Welcome aboard the Hayabusa – the fastest service on the Tōhoku and Hokkaidō Shinkansen.


Country : Japan
Railway company : JR East (Tōhoku Shinkansen) / JR Hokkaidō (Hokkaidō Shinkansen)
Railway line : Tōhoku Shinkansen (Tōkyō to Shin-Aomori, 674.9 km) and Hokkaidō Shinkansen (Shin-Aomori to Shin-Hakodate-Hokuto, 148.8 km)
Service type : Shinkansen
Service name/designation : Hayabusa 1
Rolling stock : E5 Series Shinkansen, set U10
Top operating speed : 320 km/h
Travel class : Green Car
Date of journey : Monday, 02 October 2017
Origin : Tōkyō Station (dep. 06:32)
Destination : Shin-Hakodate-Hokuto Station (arr. 10:57)
Distance travelled : 823.7 km
Journey time : 4 hours, 25 minutes

Although the Tōkyō-Hakodate route encompasses the full length of two shinkansen lines (each under a different JR company), Hayabusa trains operate as through services that seamlessly transition from JR East’s territory into JR Hokkaidō’s. No transfers are required at Shin-Aomori Station – which marks the boundary between the two shinkansen service zones – and tickets issued for the journey will reflect a single, unbroken run.

Do note that Shin-Hakodate-Hokuto Station is located about 16 kilometres (as the crow flies) from downtown Hakodate. Passengers bound for the city centre must transfer from the shinkansen to a Hakodate Main Line train, the fastest of which – a rapid service known as the Hakodate Liner – can cover the distance in 15 minutes or so. I’ve written a separate post describing this simple transfer.

Incidentally, Shin-Hakodate-Hokuto Station is the current terminus of the new Hokkaidō Shinkansen, with the remaining stretch to Sapporo (now under construction) not expected to enter service for another decade or so. At the moment, passengers continuing on to Sapporo must change to a limited express service that will bring them to their final destination in about 3.5 hours.


Let’s have a look at the route.

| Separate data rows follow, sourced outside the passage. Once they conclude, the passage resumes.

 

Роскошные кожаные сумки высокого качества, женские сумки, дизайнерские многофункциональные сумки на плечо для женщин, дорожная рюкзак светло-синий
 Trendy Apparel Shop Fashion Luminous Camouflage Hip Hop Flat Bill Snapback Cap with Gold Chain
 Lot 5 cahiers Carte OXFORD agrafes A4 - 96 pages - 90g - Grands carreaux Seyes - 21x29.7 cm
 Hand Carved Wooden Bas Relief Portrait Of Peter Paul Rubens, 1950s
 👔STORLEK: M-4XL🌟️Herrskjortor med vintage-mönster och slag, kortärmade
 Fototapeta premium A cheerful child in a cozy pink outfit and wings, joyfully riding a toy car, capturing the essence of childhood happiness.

Bear in mind that Google Maps may generate different results – including non-rail options – depending on the settings used, so the track shown below won’t necessarily reflect the actual path taken by the train. (I can tell you right now that the version I’m seeing looks nothing like the journey I took.) It should, however, give a general idea of the direction and distance involved.


As of the date of my trip (02 October 2017), a one-way all-inclusive ticket – covering the base fare, shinkansen/express surcharge, and seat reservation fee – for the roughly 4.5-hour journey from Tōkyō Station to Shin-Hakodate-Hokuto Station would have cost the following, depending on the preferred class of travel:

Ordinary Car (“economy class”): JPY 22,690
Green Car (“first class”, the best available on most JR services): JPY 30,060
Gran Class Car (unique to a few JR shinkansen services, effectively a “class above first”): JPY 38,280

These prices have held steady as of this writing, based on a trial search done shortly before publication. Needless to say, they remain subject to change without notice.

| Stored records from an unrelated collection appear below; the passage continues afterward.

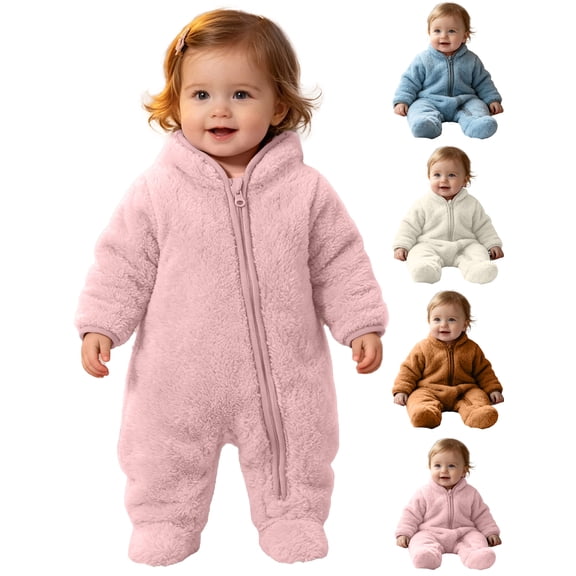 Toddler Kids Winter Clothes,Cute Fleece Warm Solid Color Long Sleeved Zipper Footed Jumpsuit Rompers,Kids Essentials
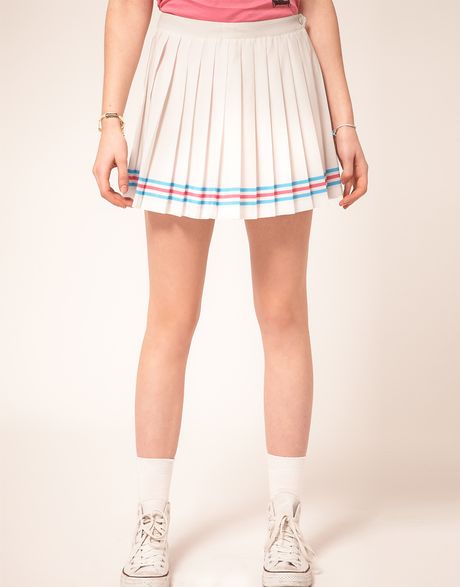 Lacoste L!ive Pleated Tennis Skirt in White | Lyst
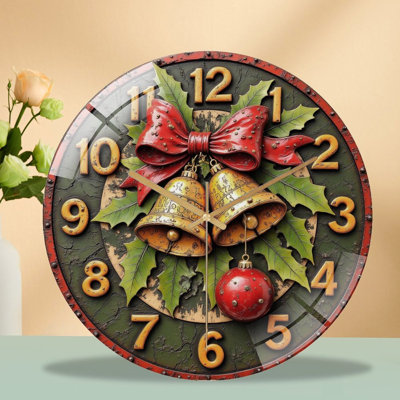 Christmas-Clock-With-Bells-And-Bow Art - 12‘’ Modern Glass Wall Clock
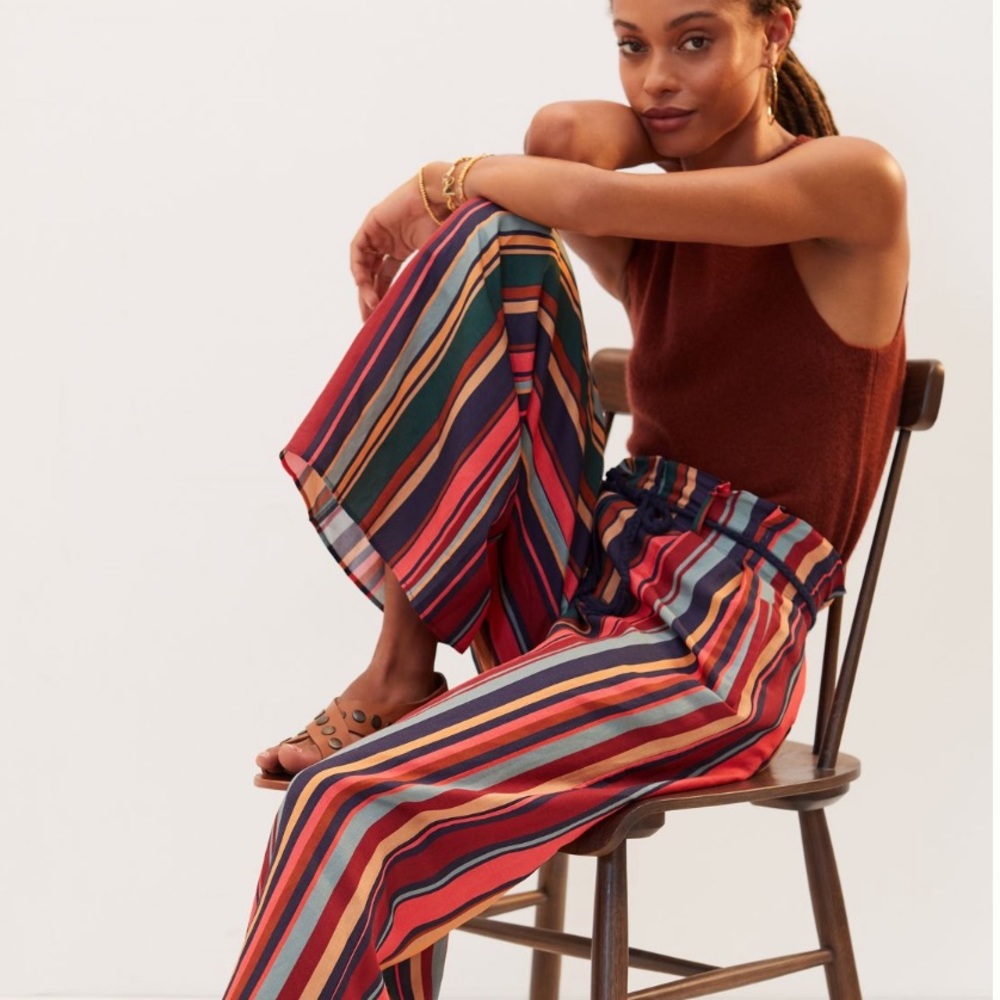 NWT Farm Rio Striped Linen Blend Wide-Leg Pants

Note that seat reservations are mandatory on all Hayabusa services, so there’s no option to book a non-reserved seat (which costs a bit less than a physically identical, but reserved, Ordinary Car seat).

Using a Japan Rail Pass

Now then, how much would this journey cost a traveller with a valid nationwide version of the Japan Rail Pass? (Not counting the initial investment in the pass itself, of course.)

If you’ve got an Ordinary-type JR Pass, you can reserve an Ordinary Car seat free of charge. The pass will fully cover the cost of your trip: the base fare, shinkansen/express surcharge, and seat reservation fee are all included. However, if you’d like to use either the Green Car or Gran Class Car, the pass will only cover the base fare – you’ll need to pay the shinkansen/express surcharge and Green or Gran Class fee up front when making a seat reservation. Bear in mind that this will add up to a rather large amount, far more than just the simple difference between a full-fare Ordinary Car ticket and its Green or Gran Class equivalents.

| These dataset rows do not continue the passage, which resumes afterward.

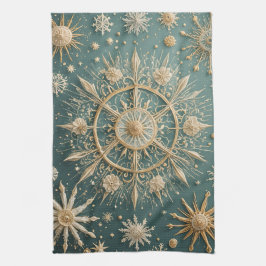 Winter's Golden Embrace: A Snowflake Serenade Theedoek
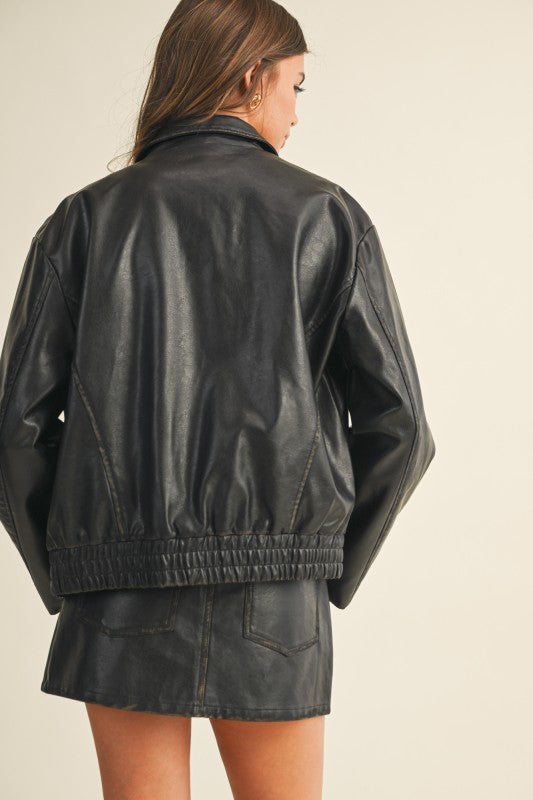 Washed Vegan Leather Zip-Up Jacket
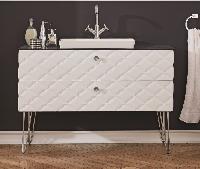 Puris Diamond Line, тумба (с черной столешницей из кварца) 1200 мм + накладная раковина из минерального литья 600 мм, цвет тумбы белый диамант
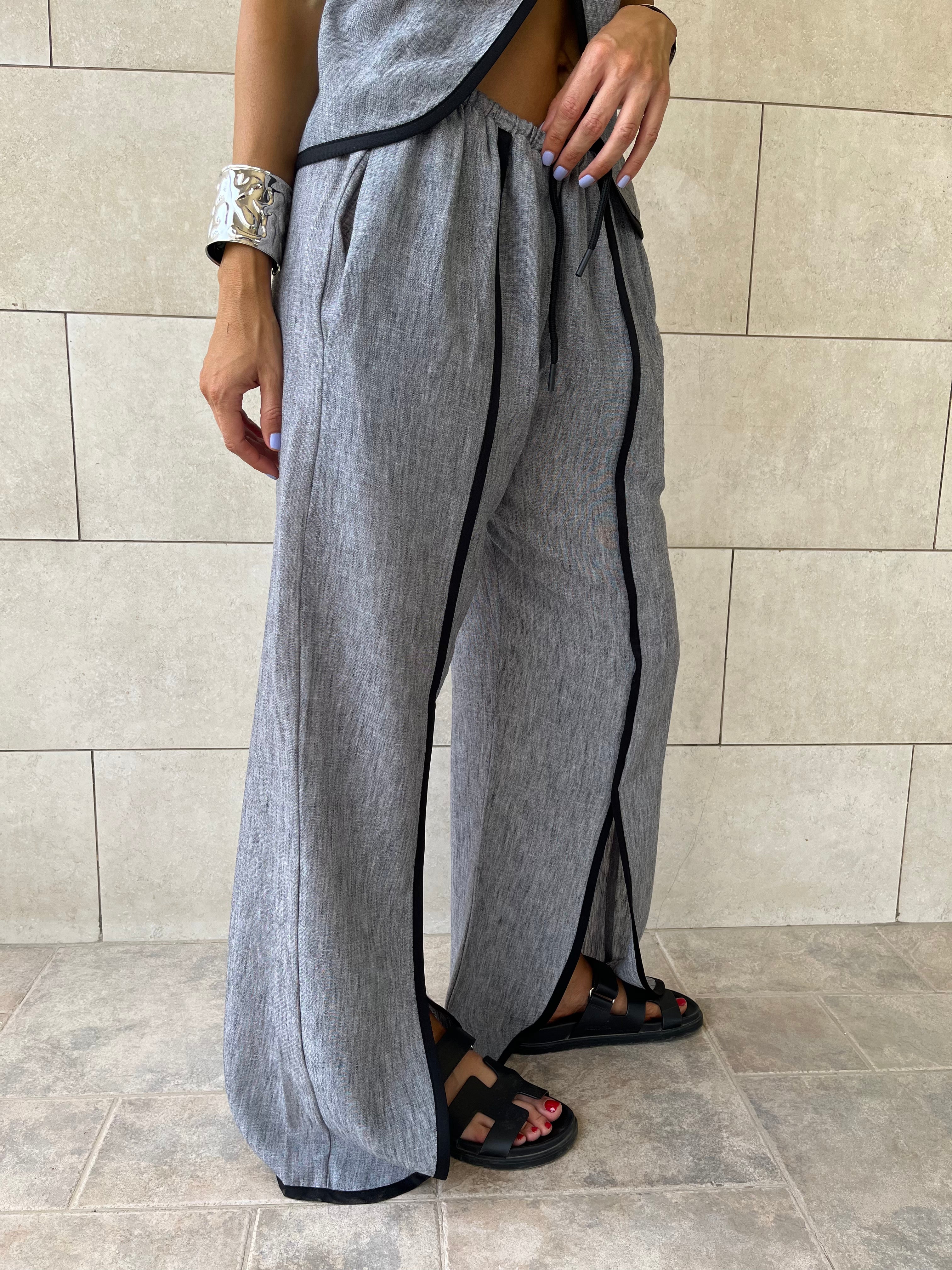 Grey Middle Line Pants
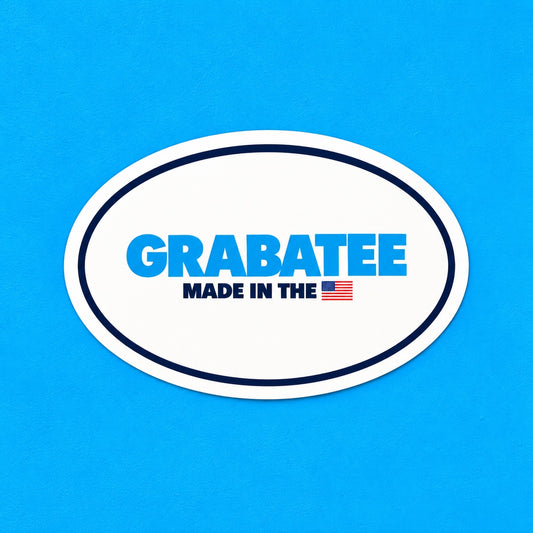 Custom oval full color vinyl sticker example by Grabatee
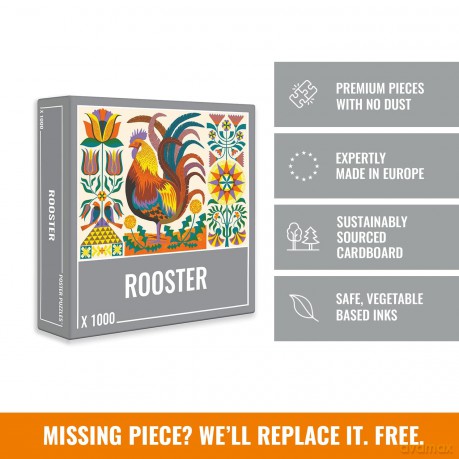 Cloudberries Rooster Puzzle - Beautifully Illustrated 1000-Piece Chicken Jigsaw Puzzle for Adults, Featuring Flowers, Birds and Vivid Orange and Yellow Colours, Bird Puzzles for Adults 1000 Pieces [PUZZLE]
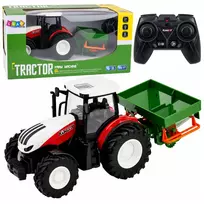 LEAN TOYS RC nuotoliniu valdymu žemės ūkio traktorius su sėjamoji ir šviesomis raudonas 1:24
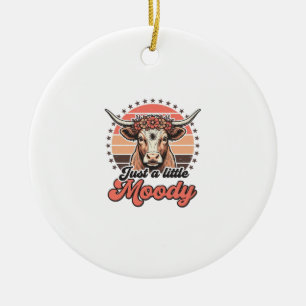 Moody Cow Retro Sunset Vintage Engraving Design_1 Ceramic Tree Decoration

If you’ve got a more expensive Green-type JR Pass, you can reserve either an Ordinary Car seat or a Green Car seat free of charge, with all cost components fully covered. (Note that booking an Ordinary seat with a Green JR Pass will not entitle you to any sort of refund, whether full or partial, of the difference between a full-fare Ordinary and Green ticket.) However, if you’d like to use the Gran Class Car, even a Green-type pass will only cover the base fare – the shinkansen/express surcharge and Gran Class fee will have to be paid on booking.

Do bear in mind that depending on the details of your itinerary, one of the various regional rail passes offered by JR East might be more cost-effective than a nationwide JR Pass – although only one of these covers the entire journey described in this post. Alternatively, using no rail pass at all (i.e., simply buying tickets as needed) may work best for some travellers, both in terms of price and flexibility. As always, it pays to do some careful research (HyperDia is a great tool for assessing route options and costs) before choosing whether or not to use a rail pass.

Purchasing Tickets

I’ll edit this section in due course (to add more detail) – for the moment, you can look up the various options for purchasing tickets and reserving seats on this JR East page.


Unfortunately, I didn’t take a lot of pictures during the actual journey reviewed here. For this section (re: the rolling stock) and the one following (re: the interiors), I’ve expanded the gallery with snapshots of a different trainset – but of exactly the same model/type – that I rode in on a southbound trip (done on 05 October).

Now then, let’s have a look at the beast that will take us to Japan’s far north: an E5 Series Shinkansen train. I’m quite familiar with the rolling stock, having taken Tōhoku Shinkansen services countless times in recent years (regularly in E5s), but today’s was by far the longest ride I’ve experienced on this model.

The specific unit I rode on the northbound run was U10, constructed by Hitachi and delivered on 30 January 2012.

E5s operated as Hayabusa services are regularly coupled with E6 Series Shinkansen trains working under the Komachi brand. The two sets travel as a single train along the Tōhoku Shinkansen as far north as Morioka, where they separate, and the Komachi E6 then swings westwards towards Akita on the Akita Shinkansen line. About a minute later, the Hayabusa E5 resumes its northwards march to complete the Tōhoku Shinkansen run up to Shin-Aomori, and then further on to Hakodate on the Hokkaidō Shinkansen. Here’s the link between the two trains…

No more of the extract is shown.